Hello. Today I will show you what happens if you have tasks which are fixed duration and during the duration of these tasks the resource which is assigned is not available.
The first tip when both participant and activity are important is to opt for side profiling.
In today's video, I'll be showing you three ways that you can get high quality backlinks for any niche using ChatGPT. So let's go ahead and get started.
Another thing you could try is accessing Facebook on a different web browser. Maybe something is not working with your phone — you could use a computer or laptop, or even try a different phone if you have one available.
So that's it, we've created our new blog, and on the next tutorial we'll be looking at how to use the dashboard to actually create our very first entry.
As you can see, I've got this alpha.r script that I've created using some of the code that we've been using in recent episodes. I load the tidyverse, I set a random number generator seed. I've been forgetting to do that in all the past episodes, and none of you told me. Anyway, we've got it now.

...

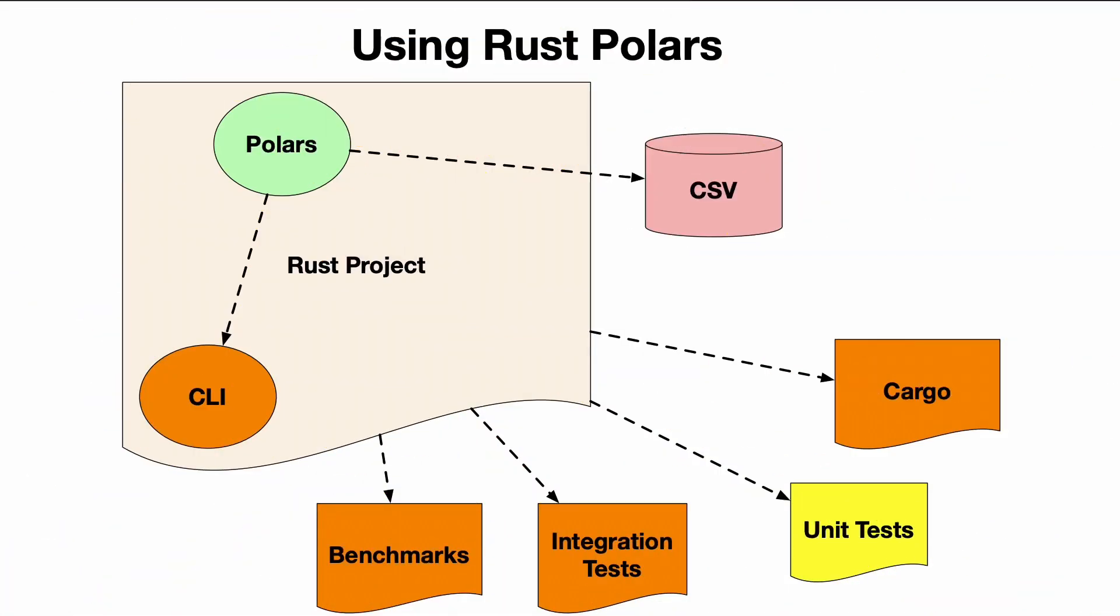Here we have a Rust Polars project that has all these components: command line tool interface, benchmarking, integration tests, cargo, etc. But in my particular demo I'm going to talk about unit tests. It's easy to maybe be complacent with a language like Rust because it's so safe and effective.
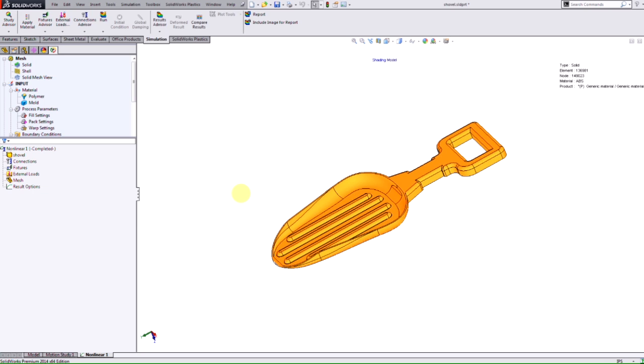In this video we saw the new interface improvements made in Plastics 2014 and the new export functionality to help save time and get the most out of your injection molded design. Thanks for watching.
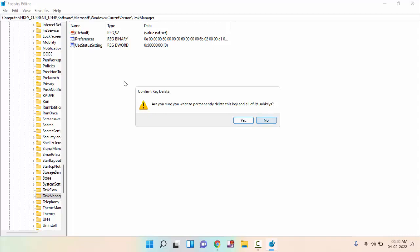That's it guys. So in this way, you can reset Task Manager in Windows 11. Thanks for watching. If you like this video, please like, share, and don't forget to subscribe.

### Task item
Out of the listing above, reproduce exactly the lines from the one with "Hello. Today I" up to and including the one with "As you can see, I've".

### Answer below
Hello. Today I will show you what happens if you have tasks which are fixed duration and during the duration of these tasks the resource which is assigned is not available.
The first tip when both participant and activity are important is to opt for side profiling.
In today's video, I'll be showing you three ways that you can get high quality backlinks for any niche using ChatGPT. So let's go ahead and get started.
Another thing you could try is accessing Facebook on a different web browser. Maybe something is not working with your phone — you could use a computer or laptop, or even try a different phone if you have one available.
So that's it, we've created our new blog, and on the next tutorial we'll be looking at how to use the dashboard to actually create our very first entry.
As you can see, I've got this alpha.r script that I've created using some of the code that we've been using in recent episodes. I load the tidyverse, I set a random number generator seed. I've been forgetting to do that in all the past episodes, and none of you told me. Anyway, we've got it now.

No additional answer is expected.